Most of the MITA/NHSIA Condition centers around requiring states to align their future system enhancements to an increasingly mature design that provides for the flexibility and interoperability defined within the 7C&S.
This requirement requires a demonstration of understanding of the 7C&S and the Department’s IT Technology Standards and how this applies to the Contractor’s proposed solution.
States must ensure alignment with, and incorporation of, industry standards: the Health Insurance Portability and Accountability Act (HIPAA) of 1996 security, privacy and transaction standards; accessibility standards established under section 508 of the Rehabilitation Act, or standards that provide greater accessibility for individuals with disabilities, and compliance with federal civil rights laws; standards adopted by the Secretary under section 1104 of the Affordable Care Act (ACA); and standards and protocols adopted by the Secretary under section 1561 of the ACA.
This condition defines that the State solutions should promote sharing, leverage, and reuse of technologies and systems within and among states. This condition requires the demonstration if possible of how the proposed solution could be exposed for reuse by the Department’s existing enterprise systems and what impacts they would have to the schedule and budget of the proposed solution.
This condition ensures that there is a requirements process and traceability of requirements for deliverable acceptance.
The proposed solution should support accurate and timely processing of data. Solutions should produce transaction data, reports, and performance information that would contribute to program evaluation, continuous improvement in business operations, and transparency and accountability.

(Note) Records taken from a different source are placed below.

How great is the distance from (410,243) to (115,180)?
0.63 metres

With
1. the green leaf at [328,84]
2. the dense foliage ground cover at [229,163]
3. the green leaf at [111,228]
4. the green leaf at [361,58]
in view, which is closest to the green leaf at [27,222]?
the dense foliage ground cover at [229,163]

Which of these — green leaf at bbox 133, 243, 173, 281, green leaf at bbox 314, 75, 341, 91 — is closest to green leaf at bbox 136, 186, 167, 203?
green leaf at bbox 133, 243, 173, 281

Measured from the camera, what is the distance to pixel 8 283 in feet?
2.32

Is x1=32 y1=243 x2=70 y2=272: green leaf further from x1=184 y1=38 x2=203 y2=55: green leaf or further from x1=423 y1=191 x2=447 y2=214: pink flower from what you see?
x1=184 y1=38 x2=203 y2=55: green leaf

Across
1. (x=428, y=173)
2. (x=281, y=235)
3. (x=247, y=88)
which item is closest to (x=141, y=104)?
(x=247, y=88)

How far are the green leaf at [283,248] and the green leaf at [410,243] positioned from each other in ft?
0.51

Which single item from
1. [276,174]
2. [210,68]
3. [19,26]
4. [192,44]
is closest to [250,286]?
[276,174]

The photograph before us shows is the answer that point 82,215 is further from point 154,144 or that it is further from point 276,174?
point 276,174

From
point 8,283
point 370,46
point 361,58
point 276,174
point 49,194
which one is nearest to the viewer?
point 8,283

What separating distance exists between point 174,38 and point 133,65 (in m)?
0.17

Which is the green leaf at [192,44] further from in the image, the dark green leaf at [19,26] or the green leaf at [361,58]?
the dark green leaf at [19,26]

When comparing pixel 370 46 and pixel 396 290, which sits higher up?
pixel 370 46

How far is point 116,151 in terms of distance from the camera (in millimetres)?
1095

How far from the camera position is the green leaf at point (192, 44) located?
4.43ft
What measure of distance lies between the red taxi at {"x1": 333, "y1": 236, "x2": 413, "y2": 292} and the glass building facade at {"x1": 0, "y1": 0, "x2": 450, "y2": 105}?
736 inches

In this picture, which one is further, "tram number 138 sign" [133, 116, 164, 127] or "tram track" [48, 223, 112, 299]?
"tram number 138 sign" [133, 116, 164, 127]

The current focus of healthcare and human services is to improve the effectiveness of healthcare and service delivery. This focus includes improved information sharing between providers and improved service outcomes with more cost effectiveness.

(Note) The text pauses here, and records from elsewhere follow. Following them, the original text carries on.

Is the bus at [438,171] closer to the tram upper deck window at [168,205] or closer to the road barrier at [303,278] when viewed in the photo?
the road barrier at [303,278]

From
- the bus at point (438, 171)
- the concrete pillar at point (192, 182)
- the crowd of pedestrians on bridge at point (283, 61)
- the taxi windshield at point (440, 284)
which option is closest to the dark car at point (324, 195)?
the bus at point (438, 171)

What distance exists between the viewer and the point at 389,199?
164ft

The IT Infrastructure within DHSS has a BizTalk Enterprise Service Bus (ESB). The Enterprise Service Bus (ESB) is a component of a modular, Service Oriented Architecture (SOA) that promotes reusability and the use of shared services. The ESB acts as a universal translation program or a gateway for non-homogenous applications to share and consume services.
The IT Infrastructure within DHSS has a Master Client Index (MultiVue). The Master Client Index is a component of a modular, Service Oriented Architecture (SOA) that promotes the reusability and the use of shared services. The Master Client Index acts as the universal client demographic database.
- In April 2017, Governor Walker signed administrative order 284, centralizing all State of Alaska IT staff under the Office of Information Technology (OIT). AO 284 anticipates an Alaska reimbursable services agreement (RSA) based charge back model for services. Transition of staff from DHSS into the OIT will be phased and is currently scheduled to begin January 2018.